Sanatçı tabii ki bir ülkenin en önemli kültür ateşesidir. İstanbul’a ilk geldiğimiz yıllarda arkadaşlarımız İran’da Arapça mı konuşuluyor diye soruyordu. Çok şaşırıyorduk. Ama daha sonra alıştık. Çünkü farkettik ki iki komşu ülkenin birbiri hakkında hiç bilgisi yok. Gözümüz, merceğimiz hep Batı’nın üzerinde. İranlı ve Türk sanatçıları galerimizde ağırlayarak iki kültürü yakınlaştırmayı, dostlukları pekiştirmeyi hayal ederek, özellikle eşim Parisa Hanım’ın özveri ve emekleriyle Art Parisa Galeri’yi hayata geçirdik. Geçenlerde Tebriz’den Güzel Sanatlar Fakültesi Dekan Yardımcısı galerimizi ziyaret ettiğinde de benzer şeyleri konuştuk. Türk sanatçıları İran ile, İranlı sanatçıları Türkiye ile tanıştırmak ve bu sayede iki ülke arasındaki bağları güçlendirmek bu yollarla mümkün.
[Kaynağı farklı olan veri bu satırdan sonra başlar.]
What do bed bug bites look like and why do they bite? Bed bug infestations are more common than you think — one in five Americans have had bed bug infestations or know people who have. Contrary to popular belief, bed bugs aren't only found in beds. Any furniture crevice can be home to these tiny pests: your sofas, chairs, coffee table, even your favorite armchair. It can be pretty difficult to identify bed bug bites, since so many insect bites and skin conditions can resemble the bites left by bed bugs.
Bizim açtığımız sanat galerisinin de temel amacı bunu sağlamaktı. Ben Türkiye’yi kendi ülkemden ayrı tutmuyorum. Sekiz senedir İstanbul’da yaşıyorum ve Türkiye’yi de kendi ülkem gibi hissediyorum. Burada kendimi yabancı hissetmiyorum. Aslında kültürümüze, aile ilişkilerimize hatta mutfağımıza bile baktığınızda bir çok açıdan aynı olmasak da çok yakınız.

ALGI YARATILIYOR

Batı Asya’nın en derin kültürlerinden ve en eski medeniyetlerinden biri olan İran sizce geleneksel veya çağdaş sanatta dünyada hak ettiği yerde mi?
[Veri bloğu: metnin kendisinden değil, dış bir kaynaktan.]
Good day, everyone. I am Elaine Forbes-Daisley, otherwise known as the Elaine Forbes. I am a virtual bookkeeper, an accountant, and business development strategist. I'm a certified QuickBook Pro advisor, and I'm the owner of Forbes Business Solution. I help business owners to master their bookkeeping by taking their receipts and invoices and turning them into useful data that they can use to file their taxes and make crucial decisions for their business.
Dünya üzerinde oturmuş ve herkes tarafından kabul edilen bir düzen var. Şimdi baktığımızda İran’ın müze eserlerinin yüzde 60’ı Avrupa ve Amerika’da, gerek oraların müzelerinde gerekse şahsi kolleksiyonerlerinde bulunuyor. Yani dünya bizim sanatımızın zenginliğini inkar edemiyor. İnkar edemezler çünkü müzelerinden İran ve Batı Asya eserlerini çıkarttığımızda inanın ki geriye birbirinin kopyası işlerden başka hiçbir şey kalmaz. Ama maalesef İran gibi, Afganistan gibi, Türkiye gibi zengin kültürlerin ileriye gitmesini, yeşermesini engellemek için sürekli parazit gönderiyorlar. Bir film içinde, bir espiri içinde, bir kitap içinde farkettirmeden insanlara bu fikirler enjekte ediliyor. Sadece dışarıdan gelen bakış açılarını değil kendimize bakışımızı bile etkiliyor. Ülkemizin gençleri Avrupa ya da Amerika hayranlığı içinde kendi kültürlerini hakir görüyorlar. Medya çok tehlikeli bir silah olarak kullanılıyor. Aynı güç sanat anlayışı üzerinde de kullanılıyor. Geçerliliği olan bir ressam olmak için Avrupa ya da Amerika onayından geçmek zorunluluğu varmış gibi bir algı yaratılıyor. Avrupa’nın, Amerika’nın modern sanat adı altında önümüze sunduğu işlere baktığımızda ise içi boş, derinliği olmayan, yozlaşmış eserler baş yapıt gibi lanse ediliyor. Modern çağın çok özel ve derin sanatçıları da var tabii ki ama maalesef çok azınlıkta. Sanatçı her şeyden önce aydın olmalı, dünyaya ışık tutmalı. Mesajı olmayan sanat ise sadece teknikten ibarettir.